Ende_Lensatimur.net_ Sungguh Miris dirasakan masyarakat pelosok di wilayah bagian barat kabupaten Ende khususnya Desa Kerirea, Kecamatan Nangapanda yang harus bertaruh nyawa melewati derasnya terjangan aliran arus Kali Ndetufeeo. Kali ini menjadi satu – satu akses untuk menghubungkan keempat desa yang ada di Nangapanda yakni desa Kerirea, desa Sanggaroro, desa Jemburea dan desa Timbazia
Warga di keempat desa ini sudah bertahun tahun lamanya tak mendapatkan akses isolasi khususnya jalan yang memadai, untuk menghubungkan arus transportasi dari dan menuju 4 (empat) desa di dalam wilayah kecamatan Nangapanda. Keprihatinan ini menjadi sangat beralasan ketika di musim penghujan tiba dengan intensitas curah hujannya yang sangat tinggi, maka pergerakan akses barang dan jasa untuk memenuhi kebutuhan ekonomipun menjadi semakin sulit, karena masyarakat harus bertaruh nyawa melewati kali yang besar dengan arus yang deras untuk bisa mendapatkan barang tersebut.
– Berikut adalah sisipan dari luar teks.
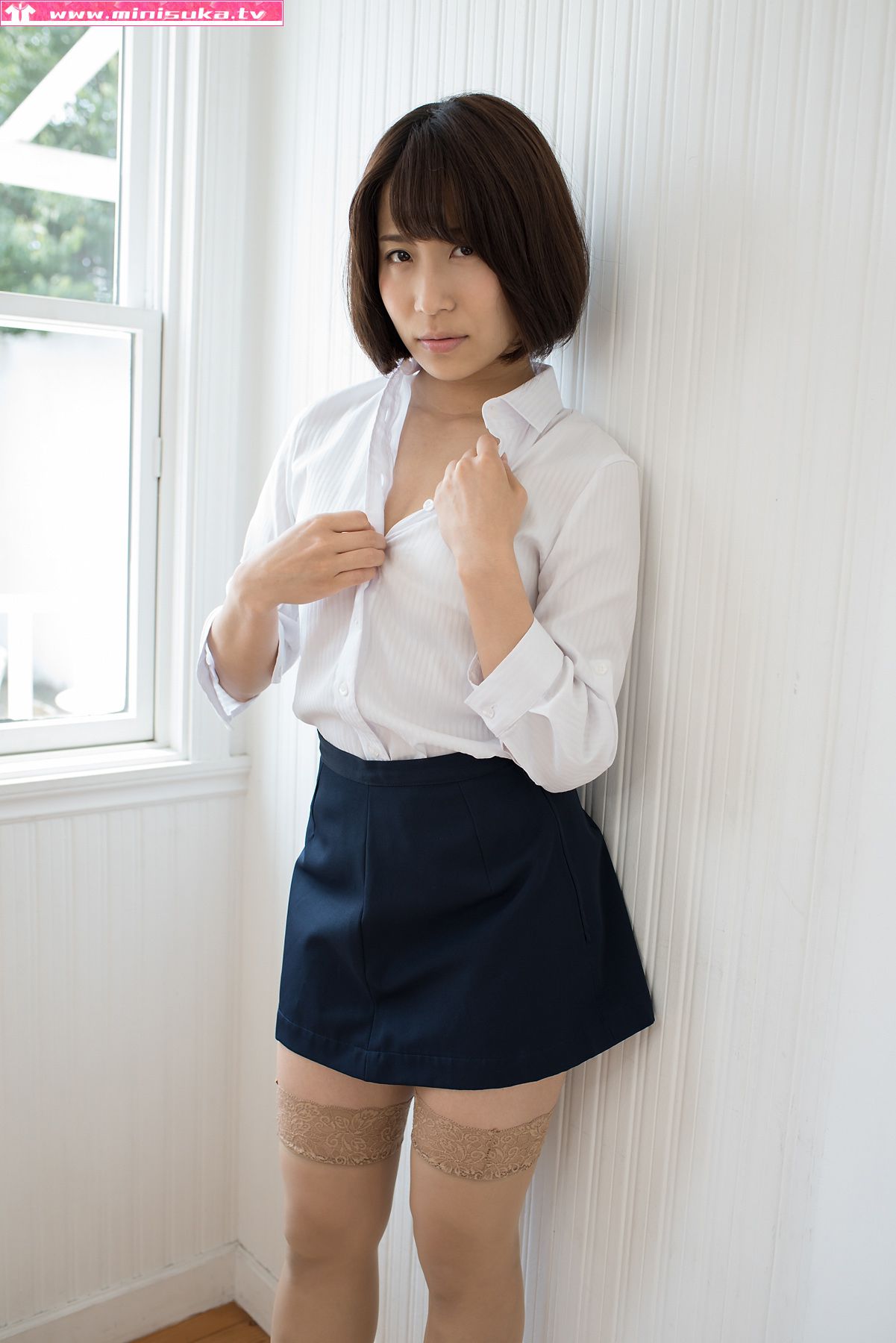 夢工藤 Yume Kudou [Minisuka.tv]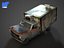 Wreak Car Collection III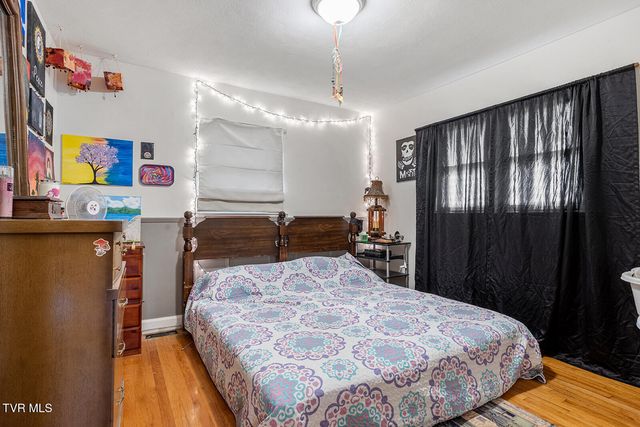 200 Fairacres Drive, Bristol, TN 37620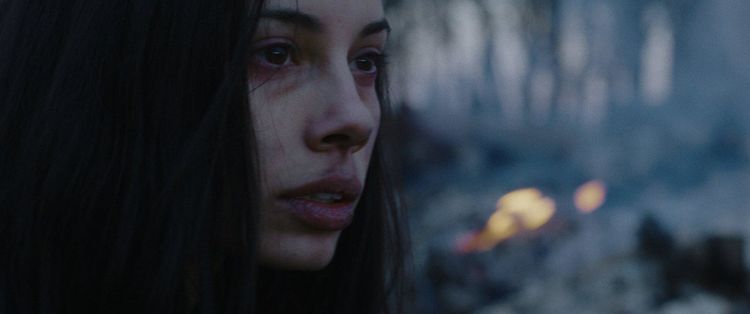 Produktbild: Before the Fire - Angst ist ansteckend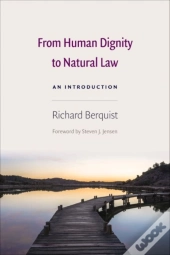 From Human Dignity To Natural Law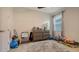 Cozy bedroom with plenty of space for ' toys at 204 Villoresi Blvd, Nokomis, FL 34275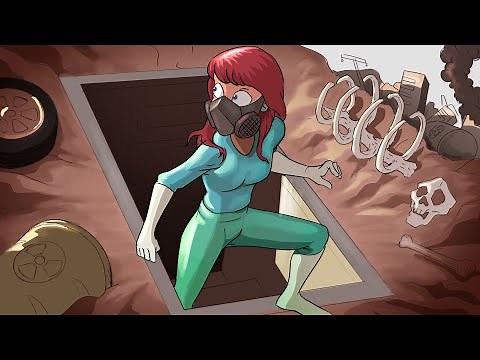 I Saw The World For The First Time After 15 Years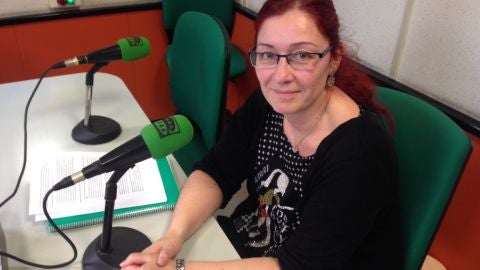 Estefan&iacute;a Puente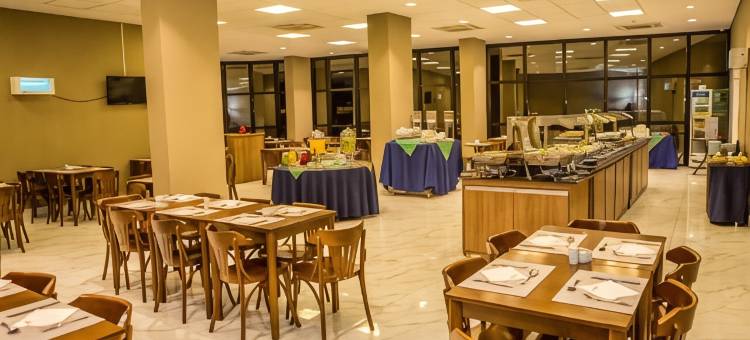 快板酒店(Alegro Hotel)图片
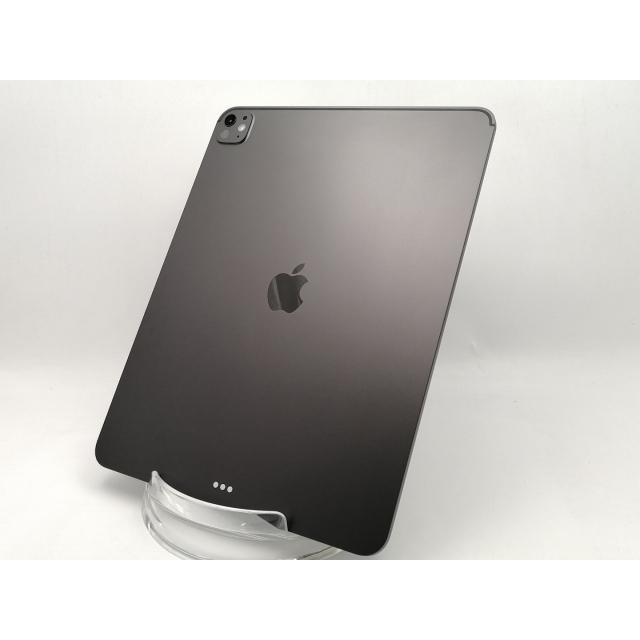中古】Apple 【Wi-Fi】 13インチ iPad Pro（M5/2025） 256GB スペース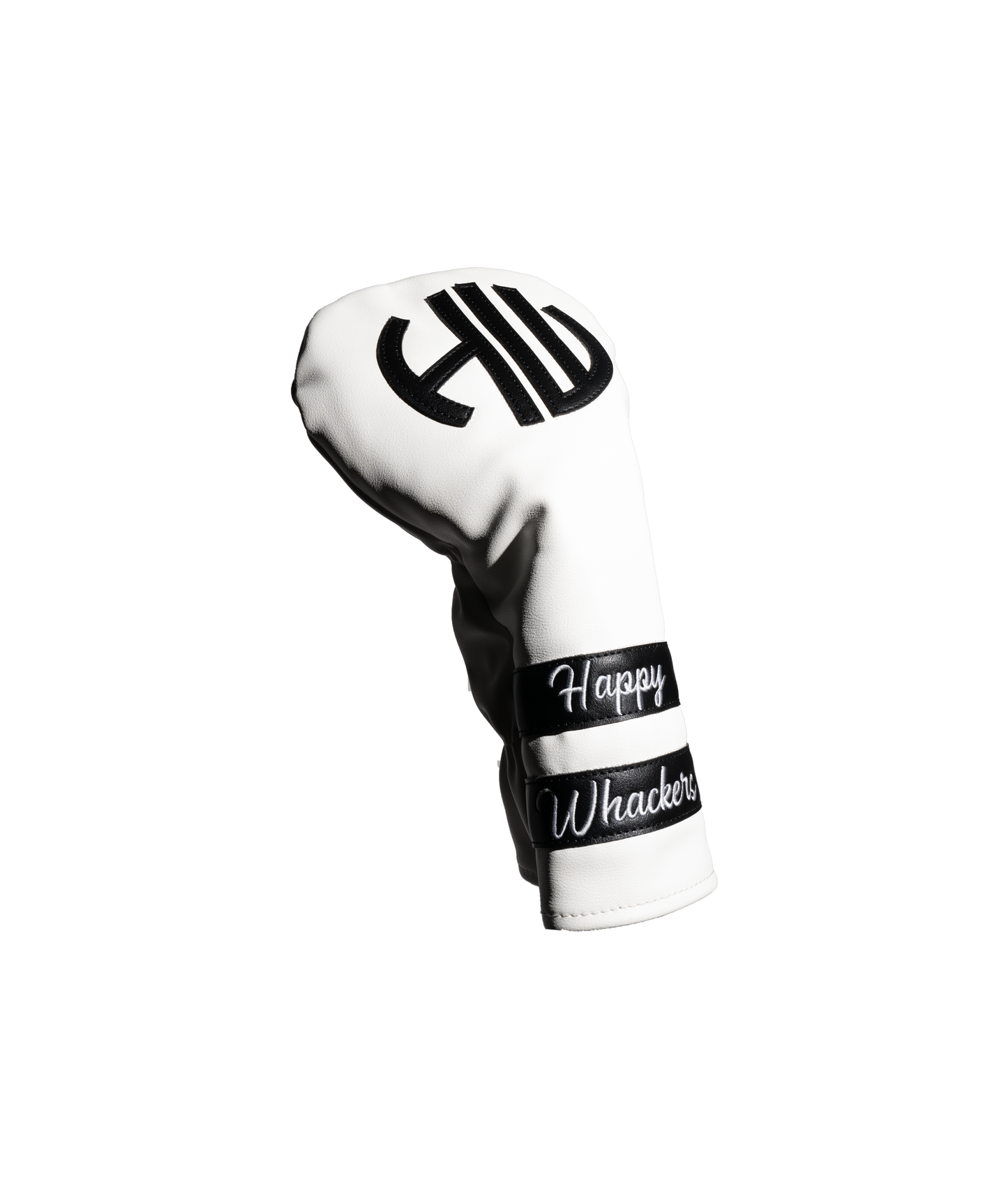 Driver Head Cover | Happy Whackers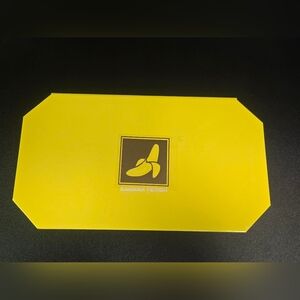 Jeffree Star Banana Fetish Eyeshadow Palette - Yellow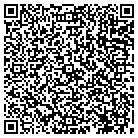QR code with Alma Raines Daycare Home contacts
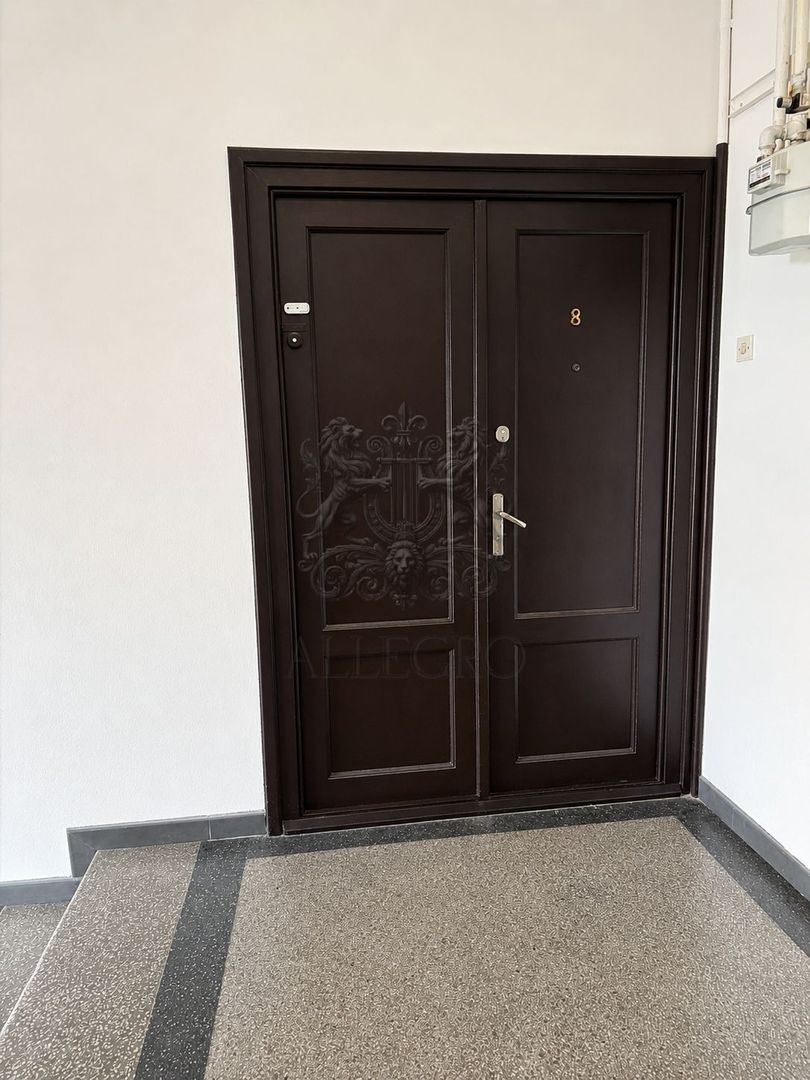 Domenii | 2 Camere | 70 mp | 2/2 +P / Centrala Proprie - Poză 5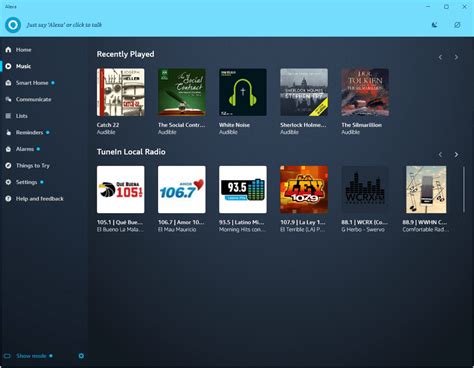 Alexa Music Upload Catalog File Example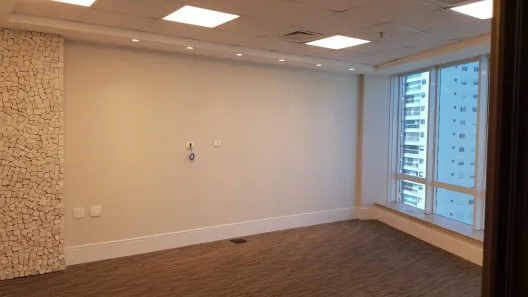 Sala Comercial para alugar, 295m² no Cidade Monções, São Paulo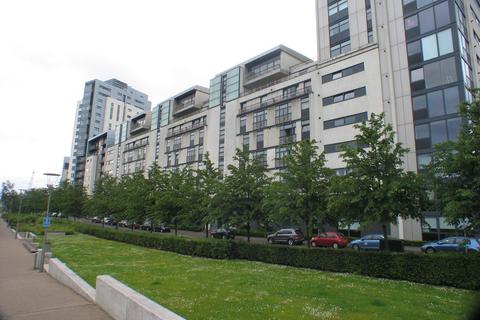 3 bedroom flat to rent, Glasgow Harbour Terrace, Glasgow, G11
Melalui sambungan telephone selulernya, Kepala Desa Kerirea, Urbanus B. Karo kepada media lensatimur.net, Sabtu, 06/02/2021 membenarkan kondisi dan keadaan yang terjadi di kali Ndetufeeo Kerirea; di mana masyarakat harus menerjang banjir untuk menuju ke desanya.
Kades Kerirea menjelaskan bahwa kali Ndetufeeo adalah akses jalan satu – satunya sebagai poros tengah yang menghubungkan empat desa dalam kecamatan Nangapenda kabupaten Ende.
Ketiadaan jembatan penghubung yang menghubungkan ke 4 desa tersebut, membuat warga harus nekat menerjang banjir serta derasnya arus sungai Ndetufeeo agar bisa sampai ke kampung halamannya. Hal ini memang sangat miris, karena memiliki tingkat resiko yang sangat besar dan bisa mengakibatkan korban jiwa. Tetapi itulah kenyataan yang kami alami pak, ungkap Kades Kerirea.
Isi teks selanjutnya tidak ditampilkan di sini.